The Hollywood conceit of a megalomaniac on an island is essentially established here, one that would be followed in many a Bond movie to follow as well as in other spy and action movies over the next half century. The urbane Dr. No would be a model for Bond villains; suave, sophisticated, brilliant and egomaniacal but ultimately done in by his own hubris.

It seems hard to believe now but United Artists was not pleased with the choice of Sean Connery as James Bond (and Ian Fleming apparently wasn’t happy either, at least until he saw the movie for the first time). The rugged Connery was not the picture of a sophisticated upper class Englishman (Connery is a working class Scot) that the books had suggested.

When watching Dr. No, you can’t help but be aware of the times in which the movie existed. John Kennedy was president (and a big fan of the Bond series, which was one of the selling points for the movie) and the Cuban Missile Crisis was in full bloom, making nefarious doings in the Caribbean all the more believable for nervous American (and global) audiences. The Second World War was twenty years in the rear-view mirror and the Cold War was at its peak. The space race was just beginning and the New York Worlds Fair was only two years away (the architecture of the fair was foreshadowed by the ultra-sleek lair of Dr. No). It was a time of great optimism yet a time ruled by enormous fear.

James Bond played into both. Yes, there was much evil in the world, and evil geniuses plotting to take over but with Bond on the case, the Free World could rest easy knowing that 007 was laying the smackdown on wannabe world dictators (the memory of Hitler still fresh in the minds of many). He conformed to the ideals of manhood of the time; virile, decisive, rough, smart and sophisticated, able to wear an expensive Saville Row suit at the baccarat table with a stunning sex kitten on one arm, a (shaken, not stirred) martini in one hand, his trusty Walther PPK in his waistband and impeccably coiffed hair barely ruffled after beating the crap out of a thug (and uttering a bon mot over the inert body of his assailant).

Times have changed and feminists no doubt cringe at the attitudes of Bond, but all the same he still holds a fascination that has carried him through nearly five decades of nearly continuous missions that still continue to this day. Bond was, at the time, unlike any other hero that had ever appeared on the silver screen and is unlikely to be duplicated ever again (Indiana Jones comes close). Dr. No stands up today not just because it was first but because it’s actually a very good movie, despite its flaws.

WHY RENT THIS: This is where it all began. Connery is electric as Bond and the action almost never stops.

WHY RENT SOMETHING ELSE: Hopelessly dated, some of the dialogue and effects are laugh-inducing.

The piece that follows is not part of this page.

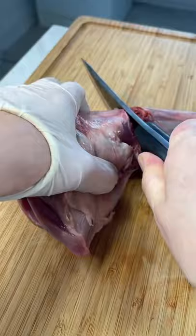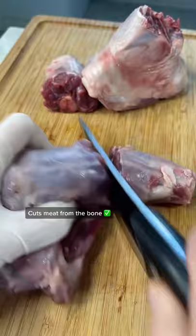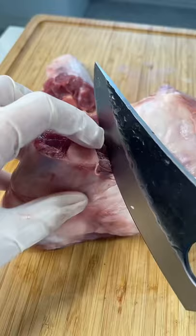I wanted to separate the bone from the rest of the meat — it worked so well. I gotta say, this knife is sharp, but good knives are supposed to be sharp, so just be careful. I separated some more of the meat and honestly it worked really fast and really well.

FAMILY VALUES: There’s a surprising amount of violence, much smoking (remember, that was common for the era) but still pretty tame by modern standards.

TRIVIAL PURSUIT: Ah, where to begin? It’s the only Bond movie in which Bond sings and doesn’t feature a pre-title sequence. Also, Bond’s armorer is known as Major Boothroyd (not Q as in later films) and is named after a reader who wrote Ian Fleming asserting that a true British spy would never use a Beretta as Bond does in the early novels, but a Walther PPK. Fleming concurred and the incident was actually used in a kind of backhanded way in the film.

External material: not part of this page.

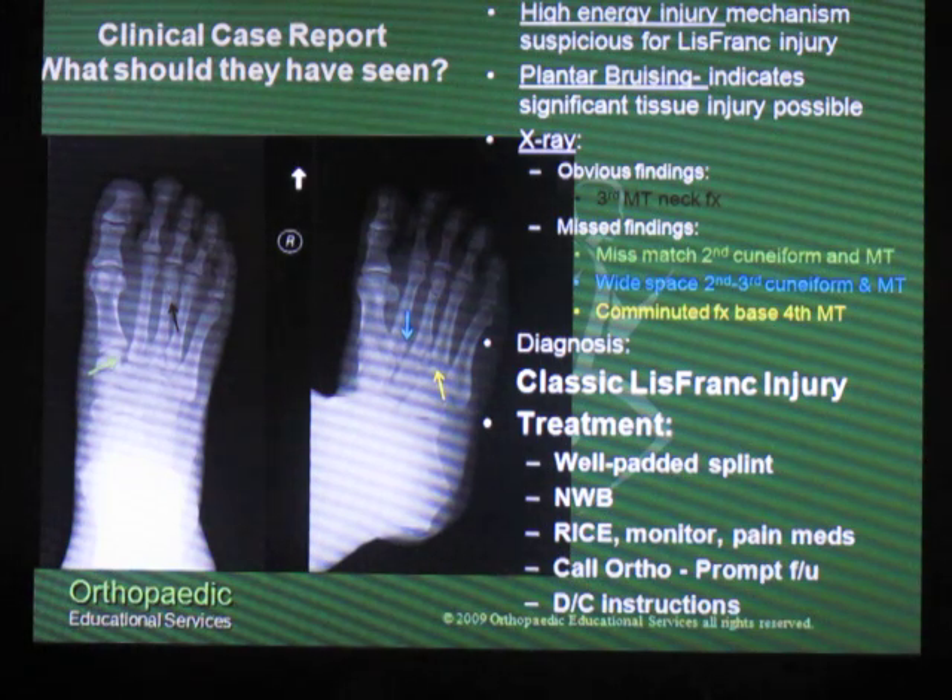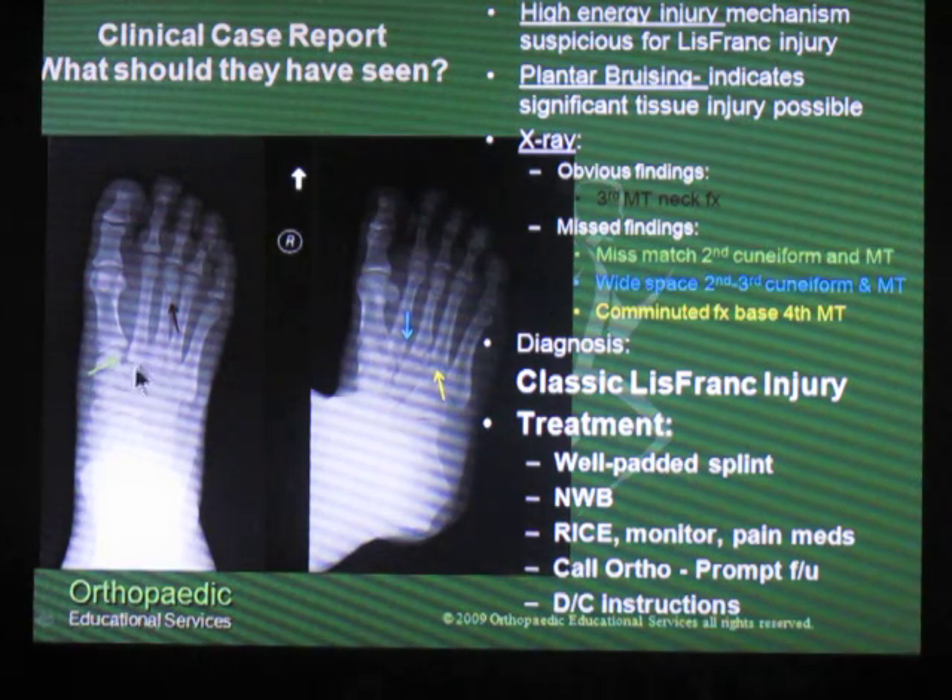So what should they have seen on x-ray? Well, first of all, they did have the third metatarsal shaft fracture, which you see here at the black arrow. The green arrow shows that they had a mismatch between the second metatarsal shaft and the second cuneiform — that's a giveaway for having a Lisfranc injury.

NOTABLE DVD EXTRAS: The new Blu-Ray contains a digitally enhanced print that cleans up some of the graininess of the original and actually looks better than when it was released theatrically. There are a number of contemporaneous features about the premiere, and on-set featurettes. There’s a nice feature on the guns of James Bond and a piece on the restoration of the print.